It’s the book that pretty much everyone has some familiarity with, and perhaps like a lot of people, I have not read this one before. If you can imagine the huge circular diagram of the hero’s journey, not the simplified version, but the more detailed one with more archaic language, this is the book that illustrates that idea.
The book itself is structured like a kind of macro ethnography. What this means to me is rather than telling a community’s story through a discussion of its rituals and people, this is the rendering of a meta-theory by the constantly shifting use of myths around the world. What this looks like in practice is a long opening chapter detailing the basic idea of a “mono myth” or one world story. IE that every culture tells the same basic story about themselves — their founding, their presentation of values, and their presentation of a meaningful life.
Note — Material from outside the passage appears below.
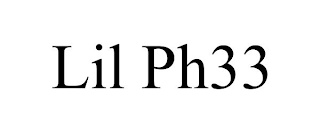 LIL PH33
The details change but the goals of the story generally do the same thing. It’s not all that dissimilar to the ways in which most languages refers to the culture they represent as “the people” and other similar forms.
From there, Campbell details the individual steps of the hero’s journey, what he considers to be the most concise rendering of the story. This has about two dozen steps and each step gets its own chapter exploring many different versions of it through exploring different cultural stories.
The last section looks at the ways the story has a whole contributes to the wider culture.
The book mostly holds up, especially at the theoretical level. There’s plenty of Eurocentric/American issues for the book being 75 years old, but that’s to be expected.